En têtes de file de ce casting volontairement diversifié - né des désirs conjoints de sa scénariste principale, Marie Enthoven, et de sa productrice, Annabella Nezri -, on retrouve Roda Fawaz (vu dans Unité 42) et Myriem Akheddiou (Le Jeune Ahmed des frères Dardenne), deux comédiens qui brillent régulièrement sur les planches et qui ont pris le train des séries en marche. De quoi se dire que les choses évoluent dans le bon sens, non ? Le comédien Roda Fawaz nous répond avec quelques nuances...
Qu’est-ce qui a changé pour vous depuis que vous avez joué dans "Unité 42" ?
Grâce aux séries, les comédiens ont une visibilité qu’on n’avait pas avant. J’étais au théâtre en janvier en même temps que je tournais Invisible et, souvent, les gens viennent me voir après la pièce pour me parler de la série. Cela a un impact, c’est sûr. Aujourd’hui on me parle autant de la scène que de la série, jusque dans les coulisses des Magritte (cérémonie de remise des prix du cinéma belge). C’est très intéressant parce que cela sert un autre domaine de la culture, le théâtre, qui a vraiment besoin d’être soutenu. Je ne le fais pas pour cette raison, je vais vers les projets qui me plaisent en fonction de ce qu’il y a à raconter. Mais je vois bien que la série ramène des gens au théâtre et je trouve cela bien.

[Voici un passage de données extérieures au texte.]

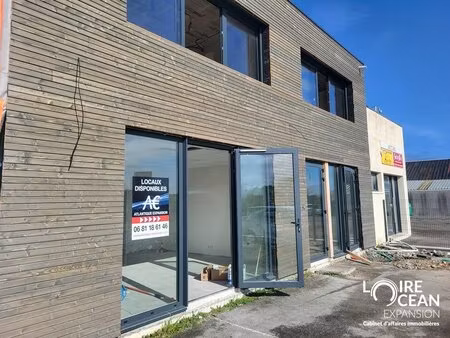 location local commercial 32m² pornic 44210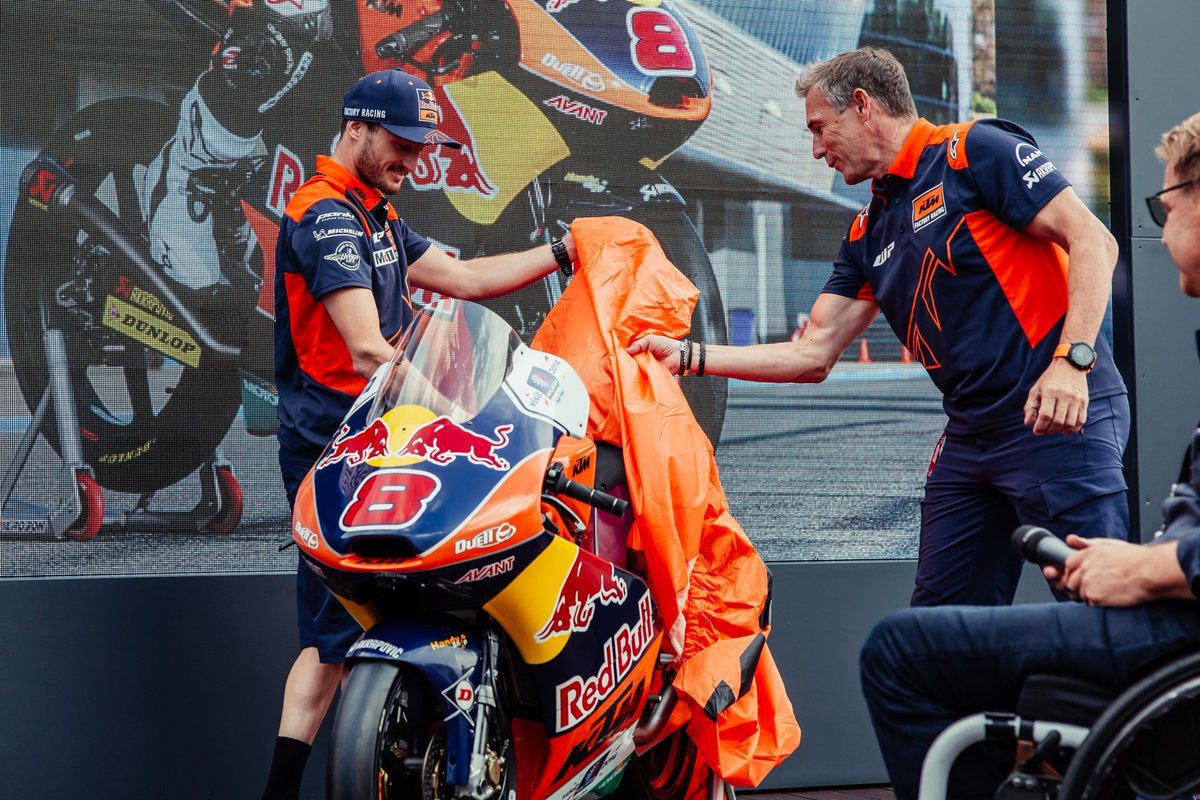 KTM_Racing tweet picture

C’est votre deuxième rôle dans une série, on peut donc se dire a priori que la représentativité avance dans le bon sens. C’est votre sentiment aussi, ou bien cela reste compliqué de ne pas se voir offrir des rôles stéréotypés ?

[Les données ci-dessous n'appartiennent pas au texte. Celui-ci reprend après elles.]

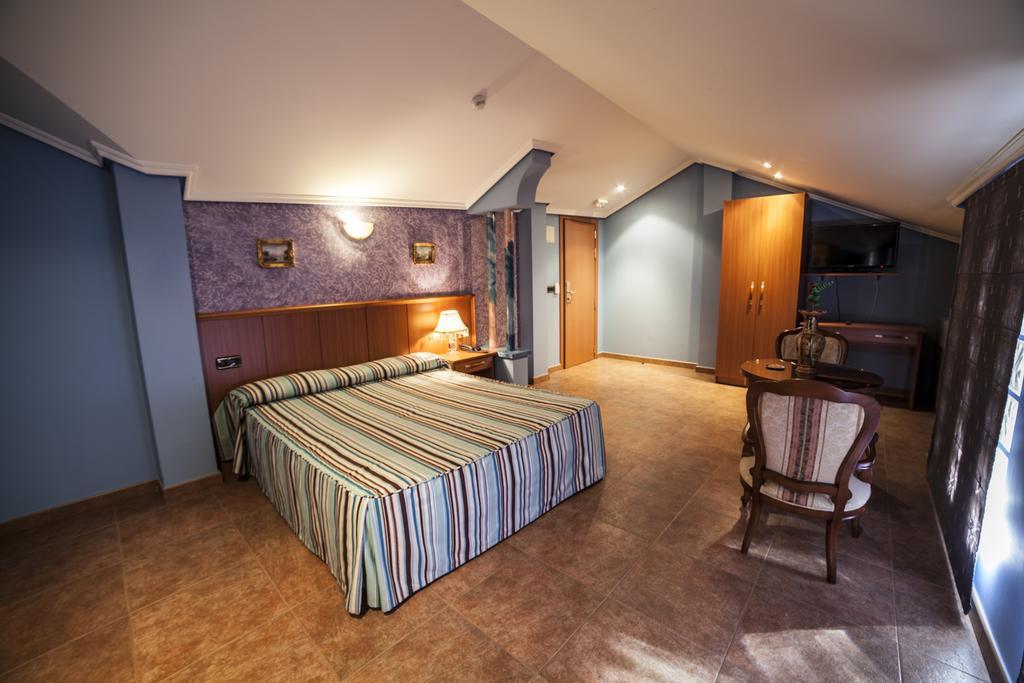 Hotel Real De Castilla 토르데실라 객실 사진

Je vais être très honnête avec vous : c’est rare, très rare qu’on vous propose des rôles sans stéréotypes. Cela fait partie des raisons pour lesquelles j’ai accepté ces rôles dans ces deux séries. Jouer un policier geek homosexuel qui n’a pas annoncé son homosexualité à ses parents dans Unité 42, c’est évident que ça m’intéresse et cela m’est égal qu’il soit arabe ou pas. Ce n’est pas seulement un rôle que je défends, c’est un projet. Et c’est aussi la raison pour laquelle je voulais vraiment obtenir le rôle d’Ayoub dans Invisible. C’est un personnage magnifique. Il vit avec une femme vraiment spéciale, déphasée... Il est là, il subit les choses, mais il est aimant, il ne se résigne pas : il veut juste prendre soin de son fils Théo. C’est cela qui est beau. Ce sont des rôles riches qui vous donnent envie de vous investir. J’ai passé des castings qui m’ont déjà mis beaucoup plus mal à l’aise parce que les personnages ne me convainquaient pas.

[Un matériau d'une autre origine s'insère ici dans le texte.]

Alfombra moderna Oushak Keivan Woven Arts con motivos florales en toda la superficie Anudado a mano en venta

Comment faire, justement, pour éviter le piège des stéréotypes ?
Je travaille avec des directeurs de casting que je connais bien et avec lesquels j’ai ce type de discussions. Ils savent ce que je défends sur scène, au théâtre, et j’ai mon éthique par rapport à cela. Je suis content de voir que cela bouge et que de plus en plus de femmes écrivent aussi parce qu’elles savent ce que c’est ce combat. Je suis très sensible à tout ce qui se passe avec le mouvement #Metoo aussi, parce que je vois bien les pièges dans lesquels certaines peuvent tomber. Il y a vraiment un lien avec ce que les gens issus de la minorité - comme on nous appelle - vivent. On fait croire qu’il y a des changements, on parle de quota, mais ce n’est pas vrai. On le voit bien aux César et ailleurs. On nous dit que cela va mieux mais Omar Sy reste l’arbre qui cache la forêt.
Des voix s’élèvent pour dénoncer cette invisibilité
Je ne crois pas du tout à un mouvement collectif qui va tout arranger, je crois à une prise en main personnelle. Il faut que chacun à sa place se mobilise, sinon ce sont toujours les mêmes qui restent aux commandes. J’ai écrit un stand-up qui parle de cela. Dans mon spectacle, j’accueille les femmes en leur disant qu’elles font partie de la minorité visible, c’est-à-dire qu’elles doivent se battre deux fois plus que les autres pour prouver leur valeur. Elles doivent courir quand les autres marchent et se poser des questions que d’autres ne doivent pas se poser. Je leur dis : "En tant qu’Arabe, je sais ce que c’est d’être une femme." Souvent, elles me disent : "Oui, mais nous, on est majoritaires sur Terre." Et je leur réponds : "Ce n’est pas un argument parce qu’il y a plus de pauvres que de riches dans le monde et pourtant ce ne sont pas eux qui gouvernent." Il faut rester lucide...
J’en discute souvent avec des copines comédiennes, donc cela me touche beaucoup. Et quand ce sont des femmes noires, c’est encore plus compliqué. Car elles font partie de deux minorités qu’on met souvent de côté. Je ne sais pas comment les choses vont évoluer, mais c’est pour cela que je défends très fort mon personnage d’Ayoub. Je suis très attentif à la représentation. Je fais très très rarement des accents sur scène, je refuse de faire l’accent arabe, par exemple, si c’est pour tomber dans les clichés. Parce qu’on ne peut pas se plaindre des clichés incessants si on accepte d’en jouer. Je ne suis pas d’accord avec cela, je ne le cautionne pas.